The loss can be regarded as a L2 loss between the predicted velocity and the real displacement too. The algorithm is shown below:

Sampling

For a RF, we build an ODE to sample. The ODE setup for a time-conditional RF is

$$ \frac{dZ_t}{dt} = v_\theta(Z_t, t), \quad Z_0 \sim \pi_0\tag{4.1} $$

and we want $Z_1$ as the generated image. The general form of the solution is

$$ Z_t = Z_0 + \int_{0}^{t} v_\theta(Z_s, s)\mathrm ds.\tag{5.1} $$

Similarly, this integral is also not directly computable. We can use ODE solver (solving methods) to estimate this as well.

The methods can be Euler’s method or RK45, and we implement the former as a simple but working one.

The estimate for $Z_1$, using Euler’s method, is

$$ Z_1\approx Z_0+{1\over T}\sum_{k=0}^{T-1}v_\theta(Z_{k/ T},{k\over T})\tag{6.1} $$

where $\frac1T$ works as the sampling step size $\Delta t$.

For a class-conditional RF, the framework is similar, but we specify the class $c$, so we have

$$ \frac{dZ_t}{dt} = v_\theta(Z_t, t,c), \quad Z_0 \sim \pi_0\tag{4.2}, $$ $$ Z_t = Z_0 + \int_{0}^{t} v_\theta(Z_s,s, c)\mathrm ds,\tag{5.2} $$

and the estimate

$$ Z_1\approx Z_0+{1\over T}\sum_{k=0}^{T-1}v_\theta(Z_{k/ T},{k\over T},c)\tag{6.2}. $$

Implementation Detail and Results

I implemented two kinds of RF (time/class-conditional) based on the structure of DDPM.

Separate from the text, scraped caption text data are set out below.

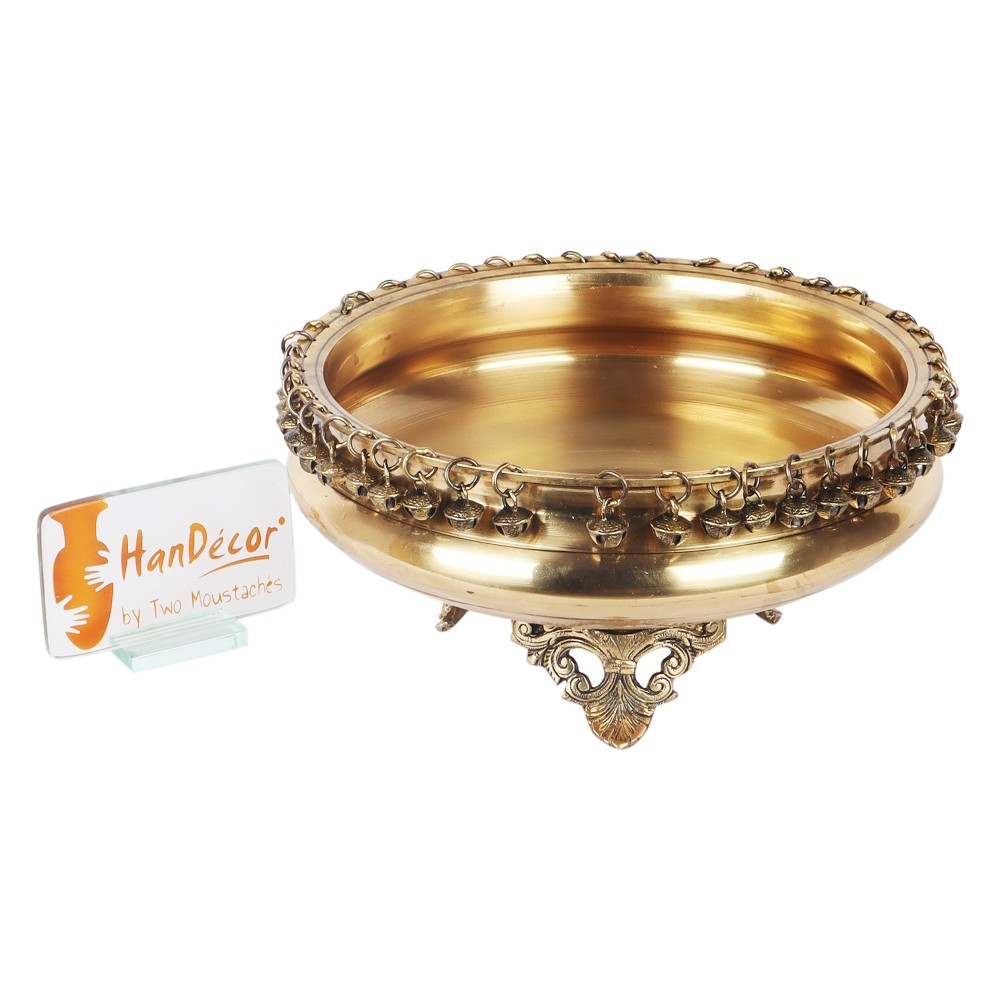 Brass 8 Inches Urli Bowl on Ethnic Carved Legs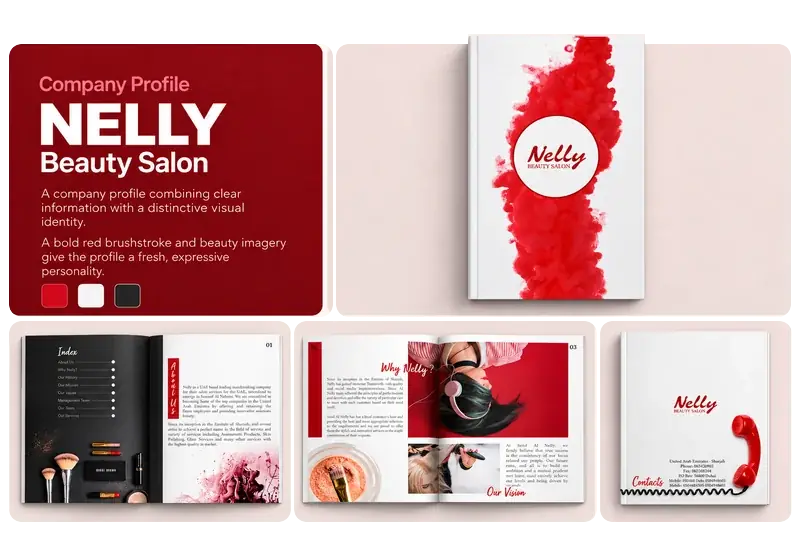 Company profile design for Nelly Beauty Salon, showing the cover and salon service page layouts.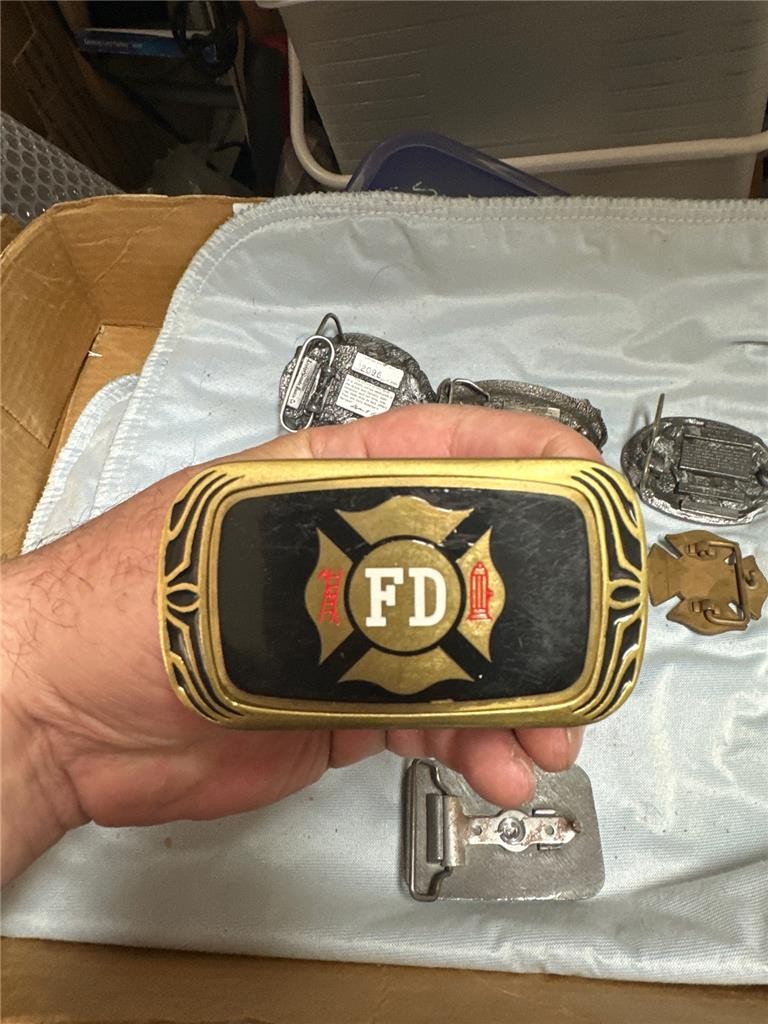 Huge Vintage Firefighter Belt Buckle Lot of Nine Buckles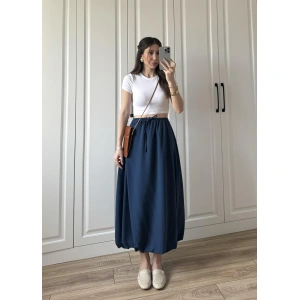 Maxi Astarlı Lacivert Balon Etek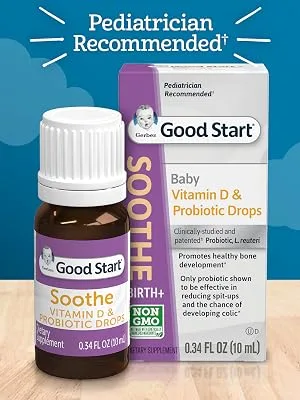 Gerber Good Start Soothe Baby Vitamin D & Probiotic Drops Birth+ 0.34 fl oz (10 ml) - Good Start Soothe Vitamin D & Probiotic Drops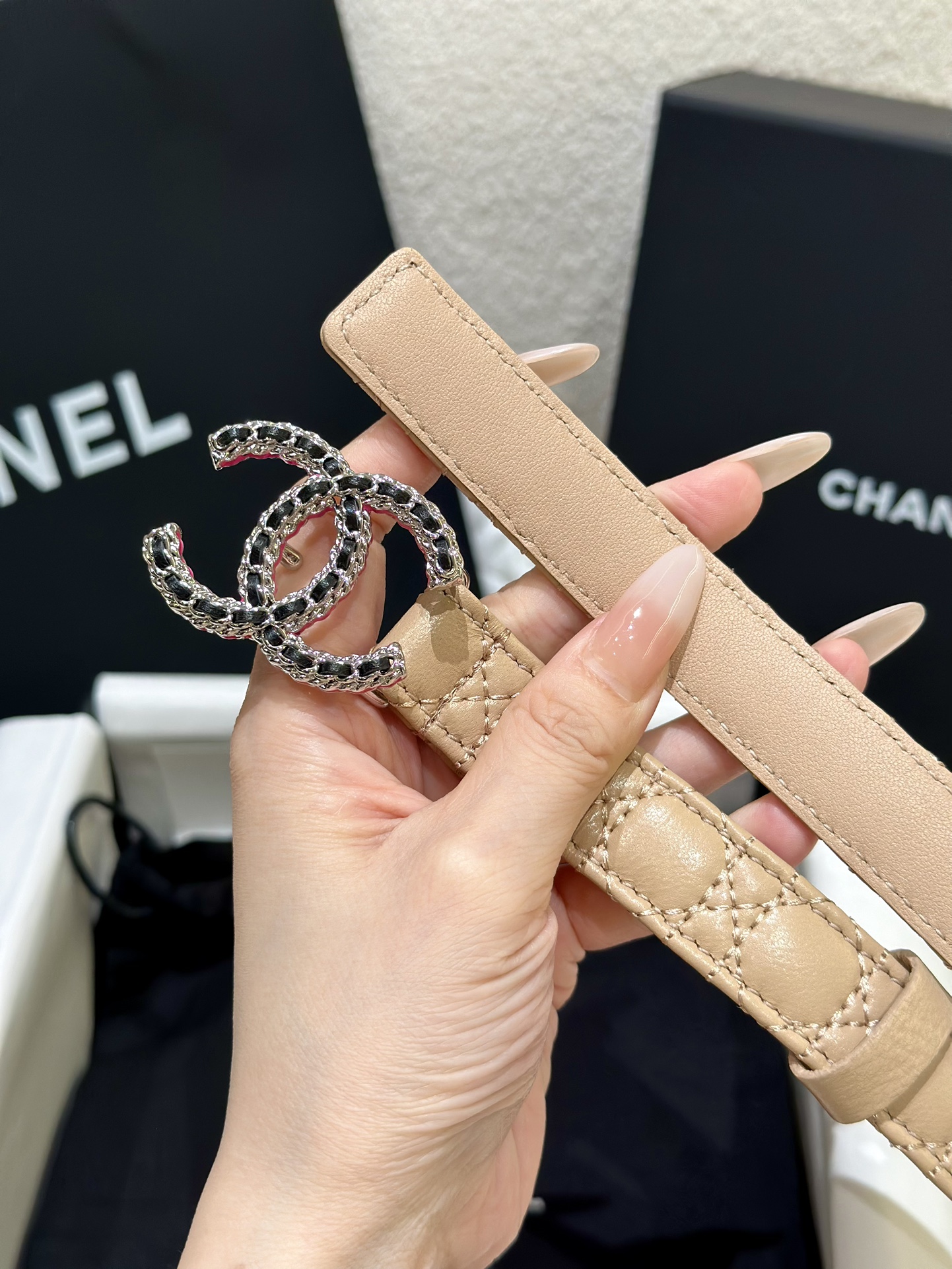 CHANEL香奈儿女士菱格时尚款宽度2.0双面顶级牛皮顶级品质正品开模高端定制皮料五金带身采用松紧收腰设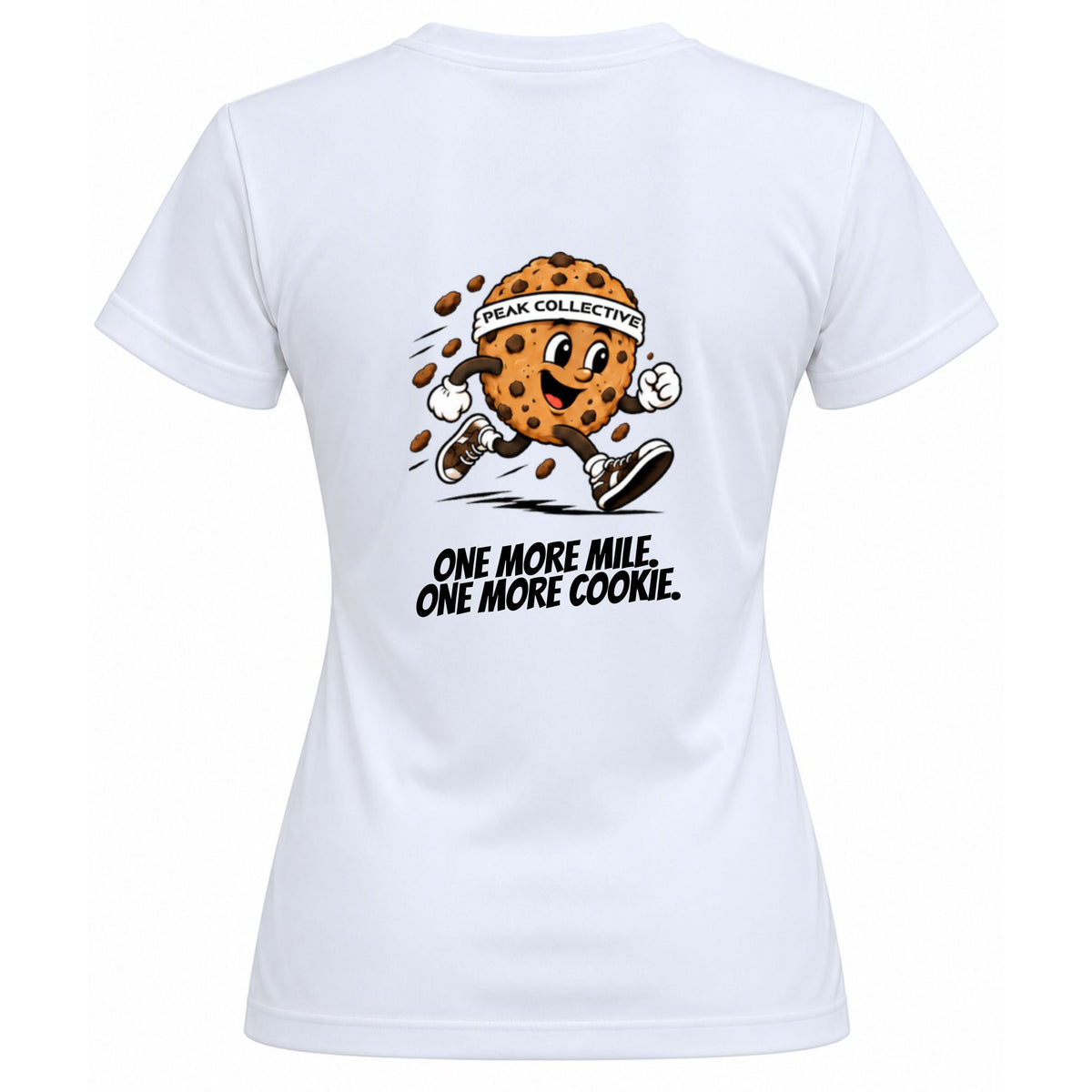Peak Collective FuelCrew women's graphic running T-shirt with cookie design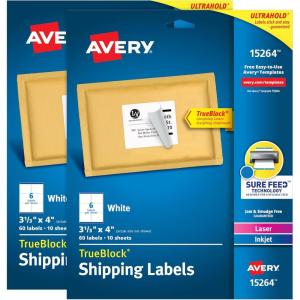 imageAvery TrueBlock Shipping Labels Sure Feed Permanent 313 x 4 White 2 Pack 120 Labels Total 32134Pack of 2
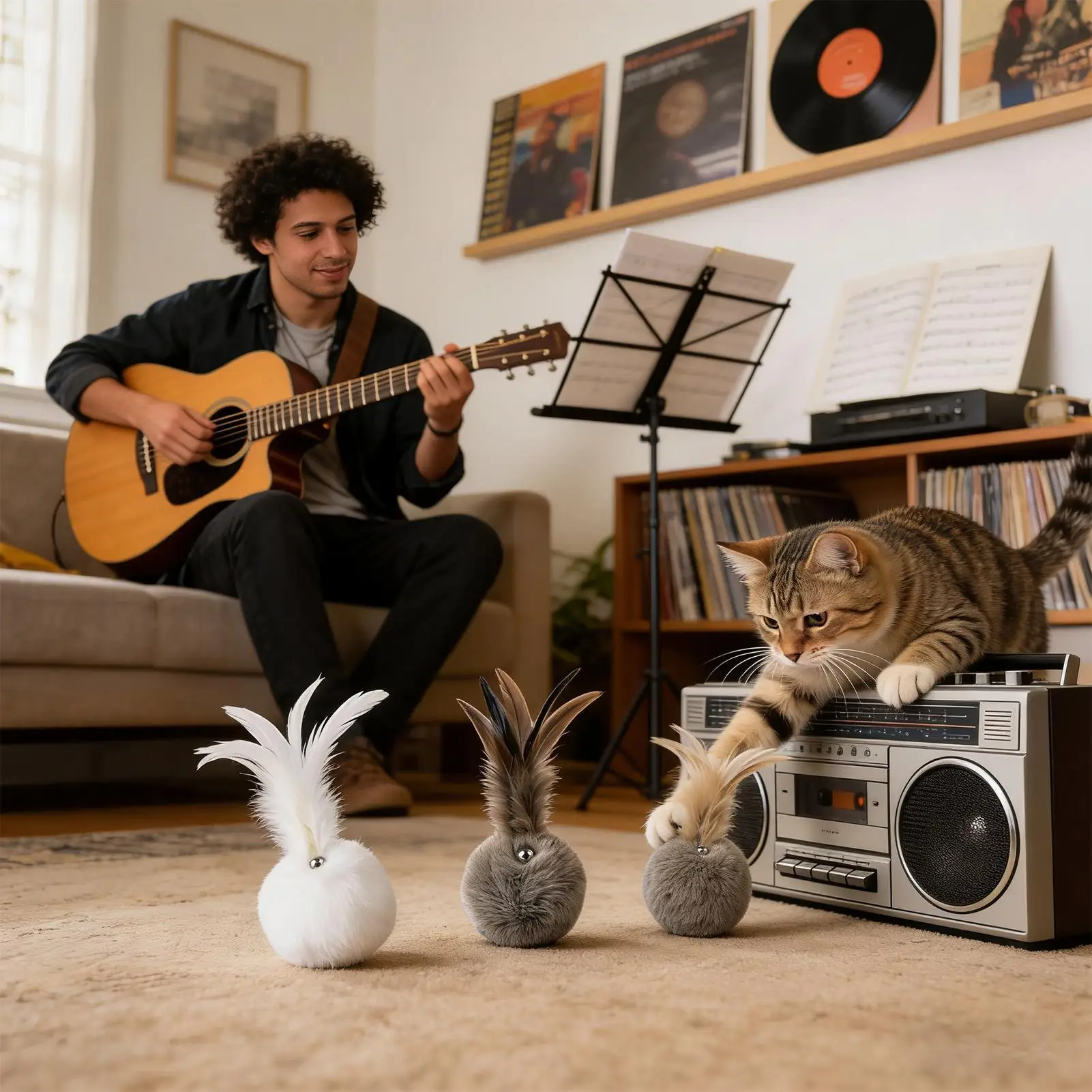 

Кошачьи шарики, 3-х шт., самоцентрирующийся мяч с колокольчиком, реалистичная кроличья шерсть, интерактивная игрушка для кошек для шлифовки зубов, бега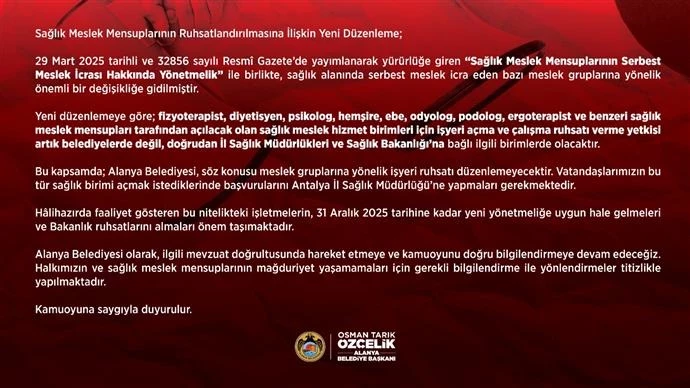 SAĞLIK MESLEK MENSUPLARININ RUHSATLANDIRILMASINA İLİŞKİN BASIN AÇIKLAMASI
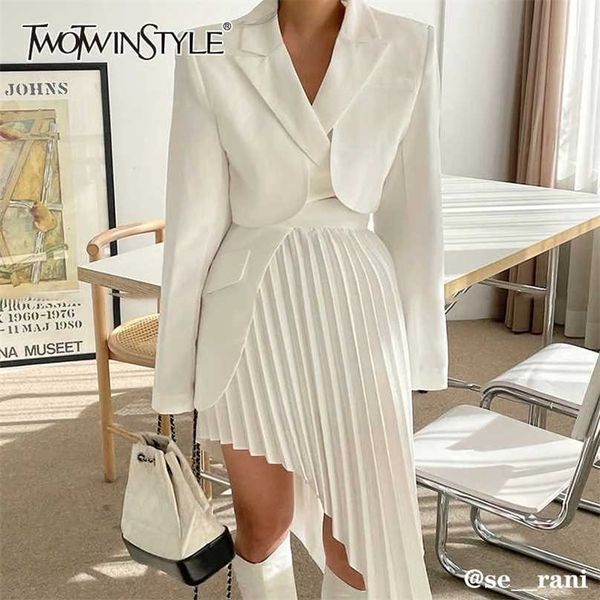

twotyle casual white two piece set for women notched long sleeve blazer high waist irregular hem skirt female korean sets 211106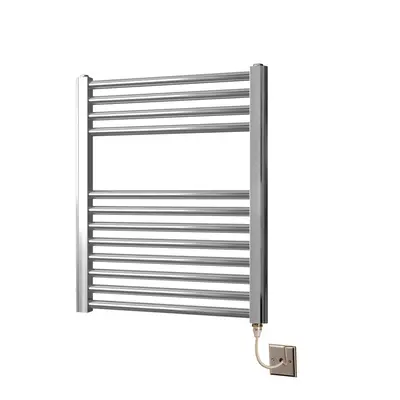 Greened House 600mm wide x 600mm high Flat Chrome Straight Electric Heated Towel Rail Designer T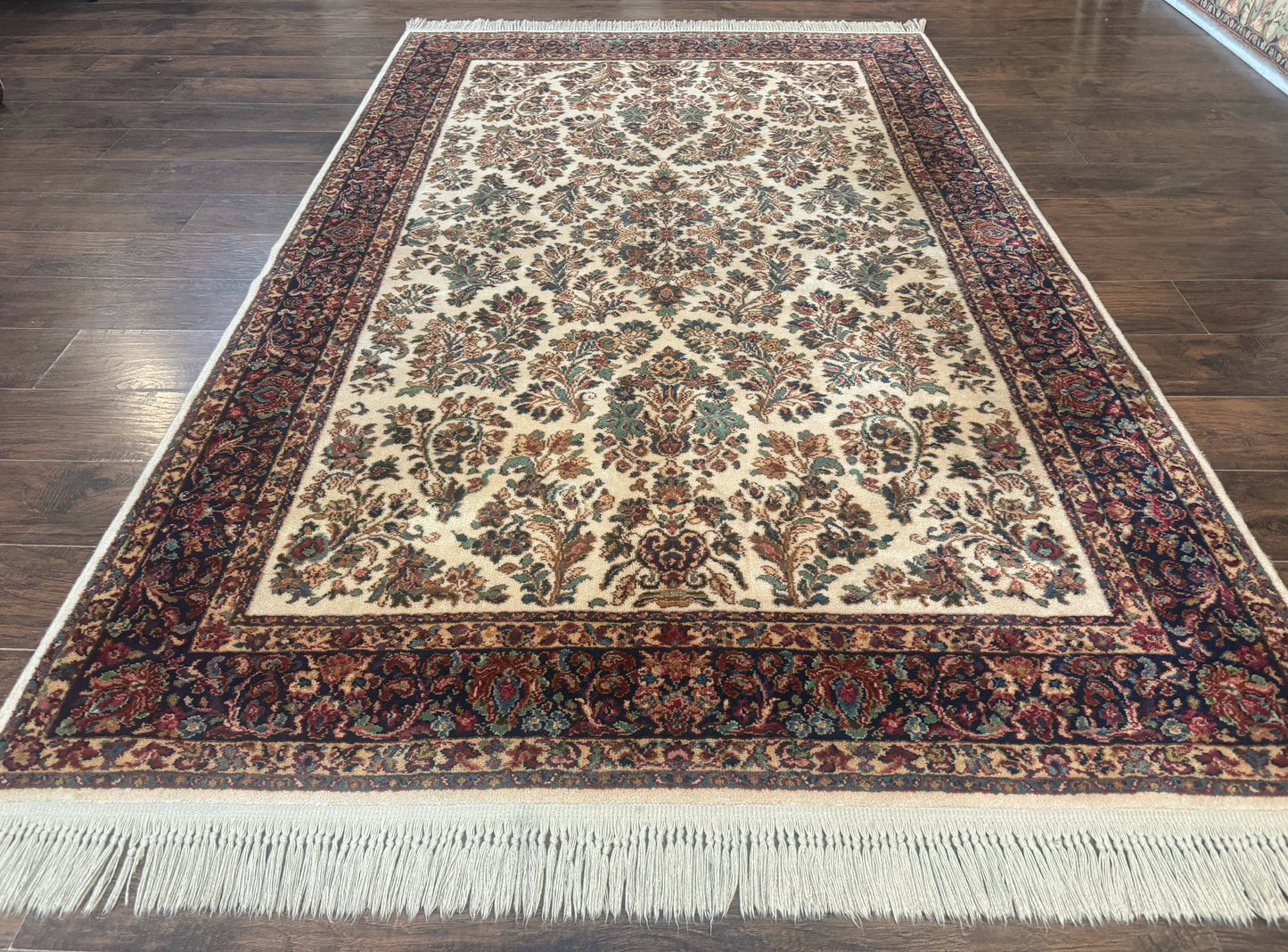 Karastan Rug Ivory Sarouk Wool 5.9x9 Vintage Original 700 Series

I used the time-conditional UNet for the time-conditional RF, and the class-conditional UNet for the class-conditional one. The architecture of this core model remains same as in DDPM.

Beta schedules (the list) is no longer needed, but the number of timesteps as a hyperparameter is still necessary for the forward and sampling methods to generate an estimate.

For the class-conditional RF, the CFG is also slightly changed to guide the conditioned velocity estimate instead of the noise estimate, from the unconditioned counterpart:

$$ Z_1\approx Z_0+{1\over T}\sum_{k=0}^{T-1}\gamma v_\theta(Z_{k/ T},{k\over T},c)+(1-\gamma)v_\theta(Z_{k/ T},{k\over T},0) \tag{7}. $$

We train with the same set of hyperparameters as in 2.2. The training and testing loss are higher than those in DDPM training, but the generated (sampled) images are fairly good and unnoised.